**PROBLEM TO WORK ON**
While copying the entries exactly, leave out each picture they contain.
RECORDS: Begin
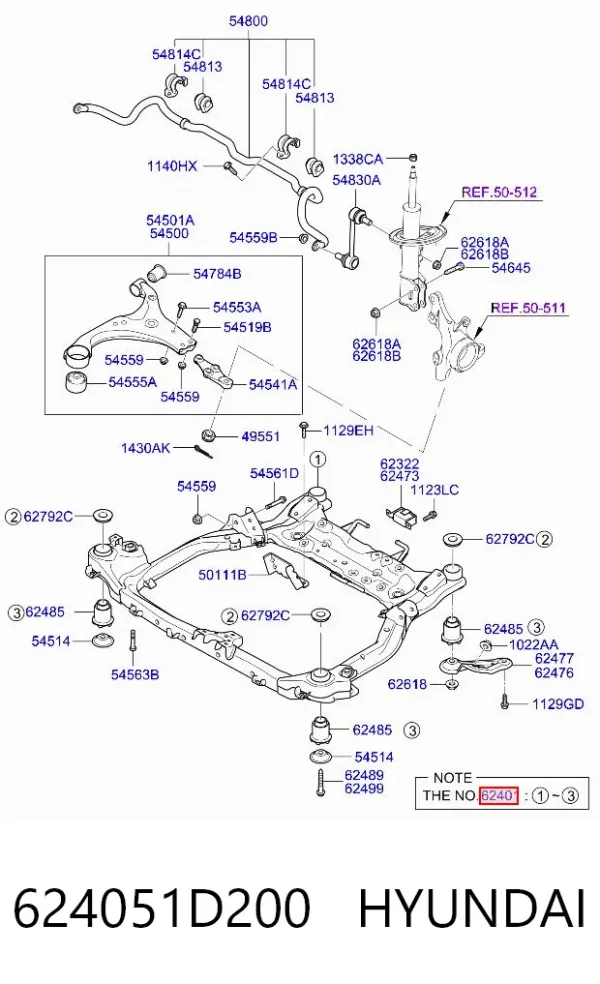 Korpus osi przedniej KIA Carens II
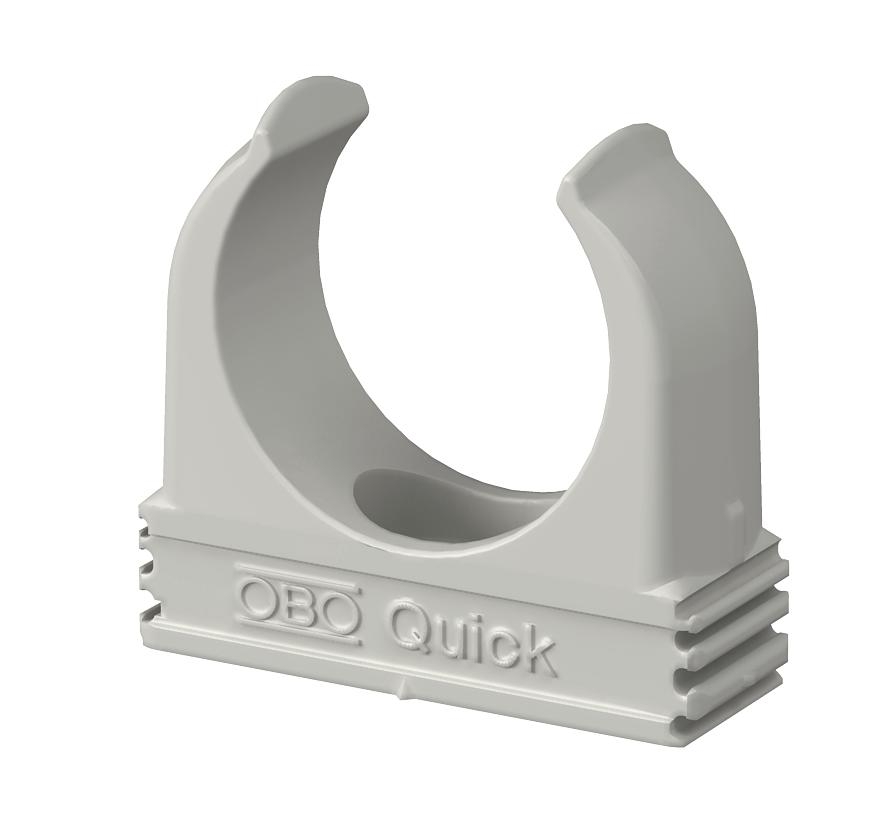 Abraçadeira OBO-Quick resistência fio incandescente M50, PP, cinzento pedra, 7030 - 2149333 - Obo Bettermann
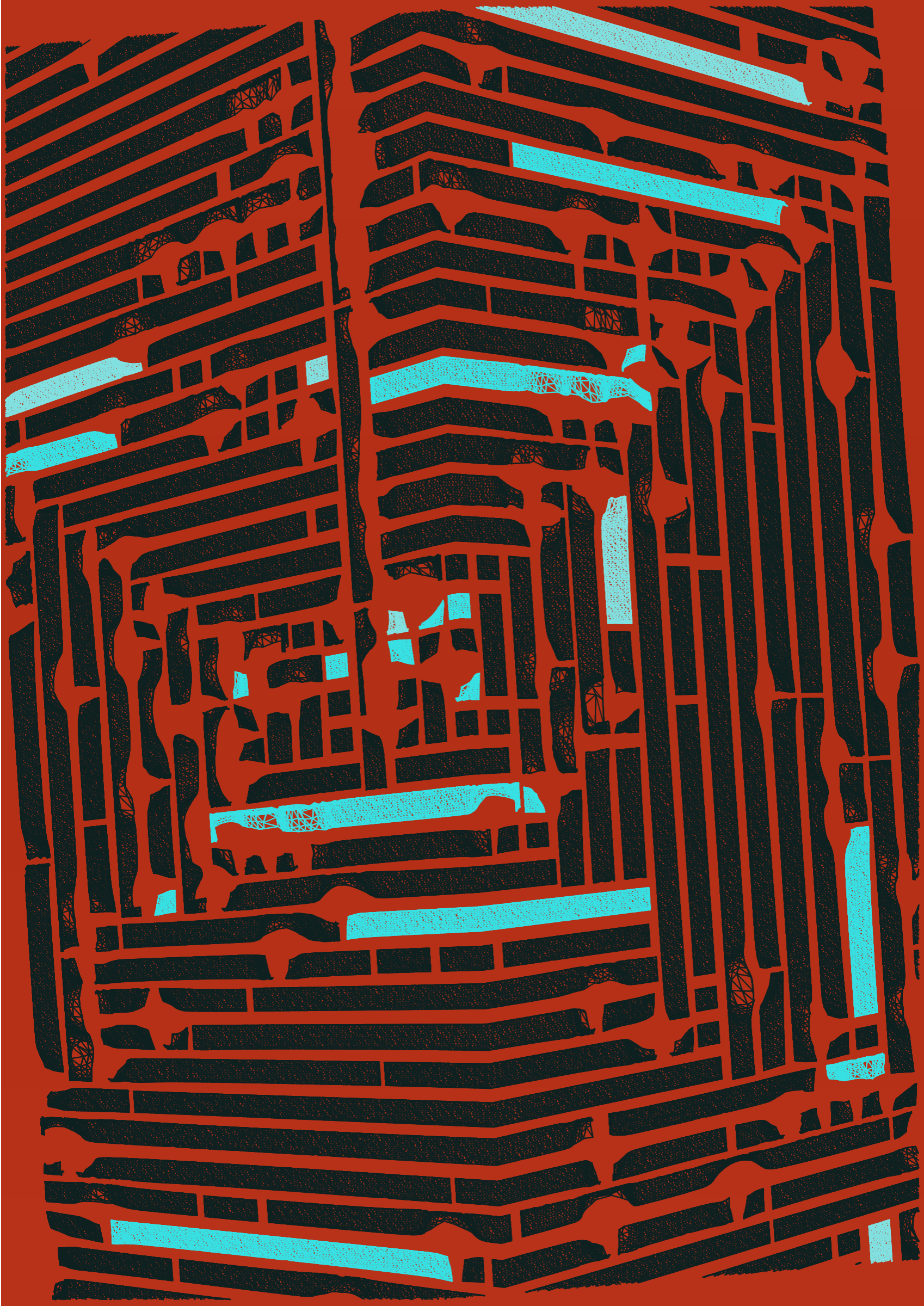 Art Blocks - Art Blocks v2 - Edifice #393 - NFT # 204000393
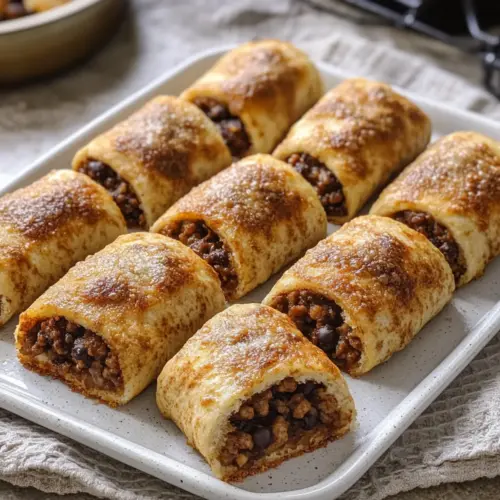 beef pizza roll ups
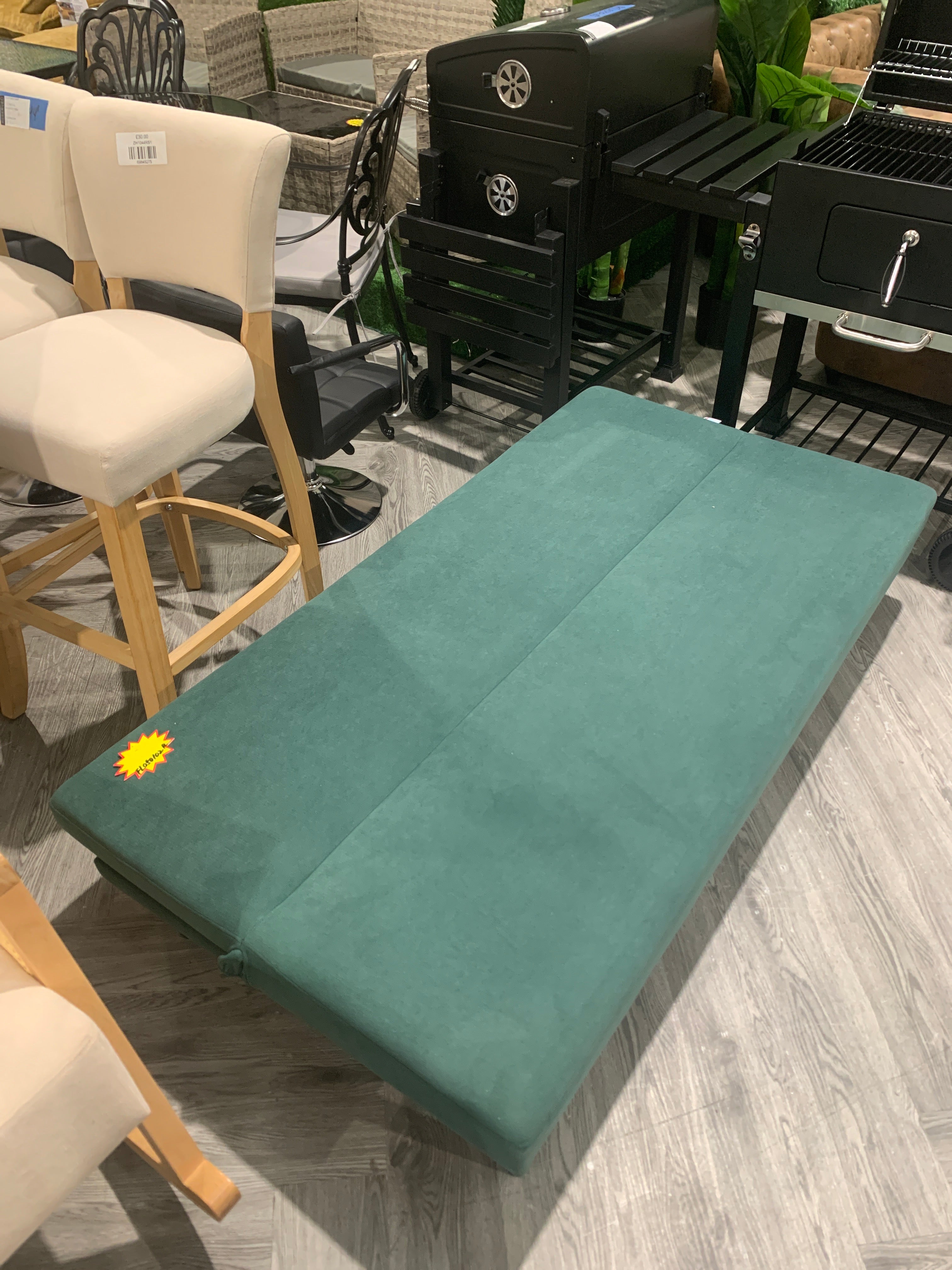 Modern Convertible Sofa Bed Green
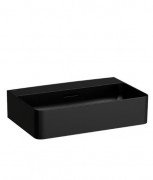 Раковина для ванної Laufen Val 45х38 см без отворів під змішувач кераміка матовий чорний H8122807161091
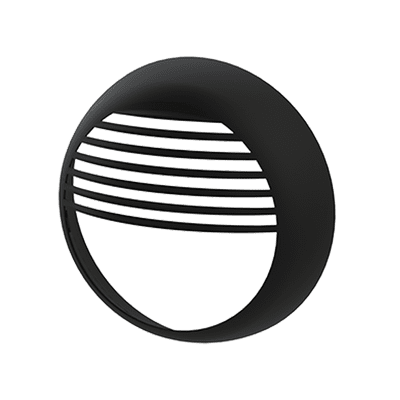 Ovia Lighting OEO3BK Half Louver Bezel For Evo Orb Matt Black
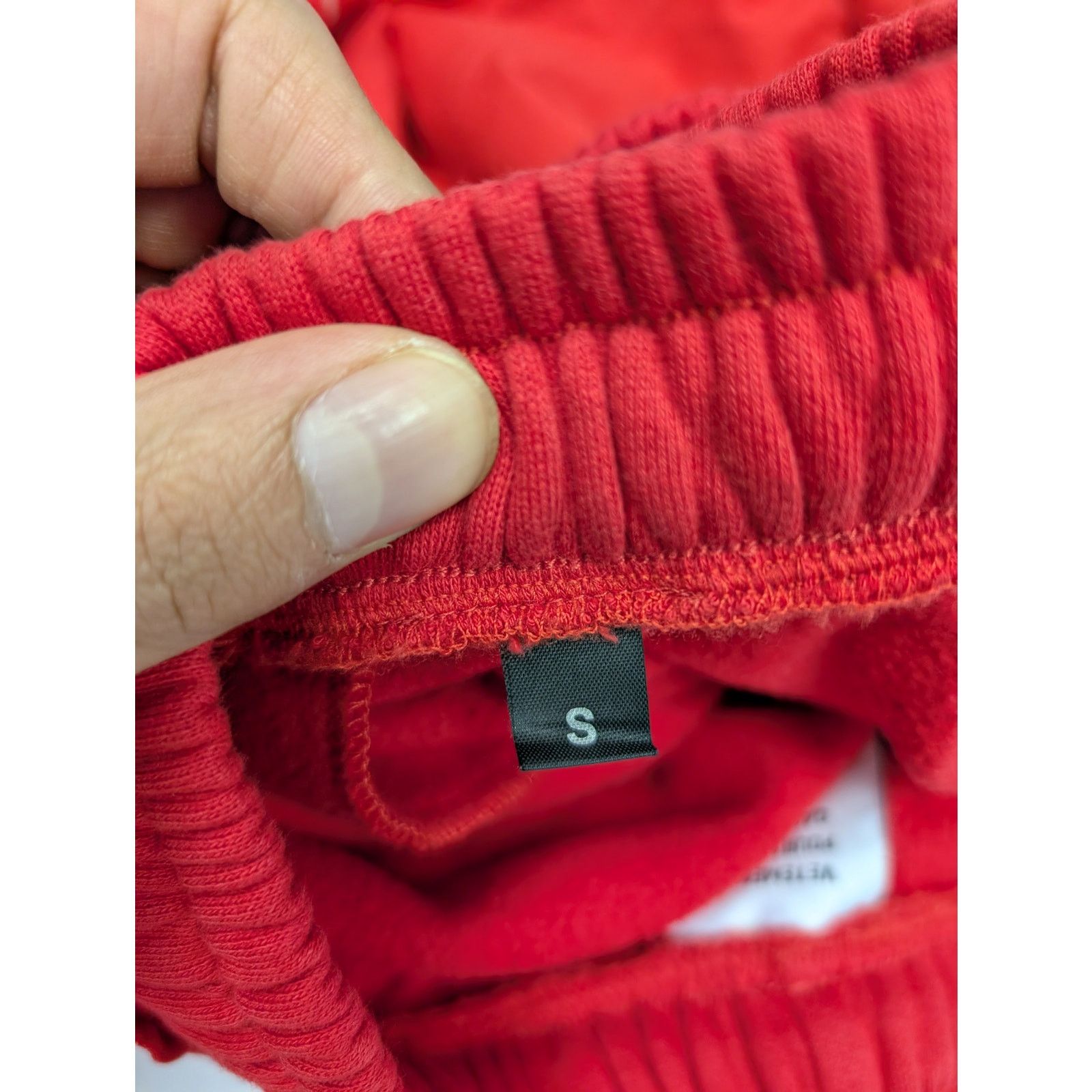 Vetements o1rshd1 Sweatpants / Joggers in Red Size US 30 / EU 46 - 12 Thumbnail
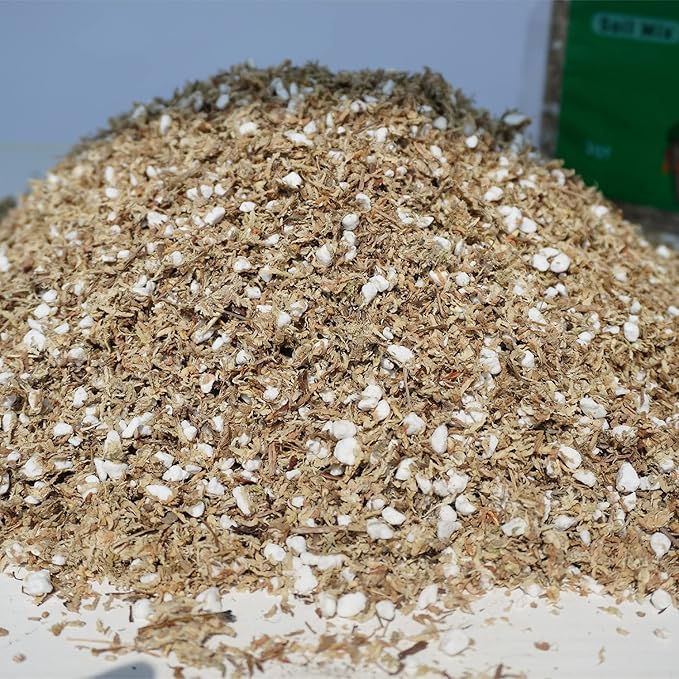 Carnivorous Plant Soil Mix 8 Qts, Include Perlite and Sphagnum Moss Debris, Great Potting Soil for Venus Fly Traps, Pitcher Plants, Sundews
RECORDS: End
**EXERCISE ANSWER**
 Korpus osi przedniej KIA Carens II
 Abraçadeira OBO-Quick resistência fio incandescente M50, PP, cinzento pedra, 7030 - 2149333 - Obo Bettermann
 Art Blocks - Art Blocks v2 - Edifice #393 - NFT # 204000393
 beef pizza roll ups
 Modern Convertible Sofa Bed Green
 Раковина для ванної Laufen Val 45х38 см без отворів під змішувач кераміка матовий чорний H8122807161091
 Ovia Lighting OEO3BK Half Louver Bezel For Evo Orb Matt Black
 Vetements o1rshd1 Sweatpants / Joggers in Red Size US 30 / EU 46 - 12 Thumbnail
 Carnivorous Plant Soil Mix 8 Qts, Include Perlite and Sphagnum Moss Debris, Great Potting Soil for Venus Fly Traps, Pitcher Plants, Sundews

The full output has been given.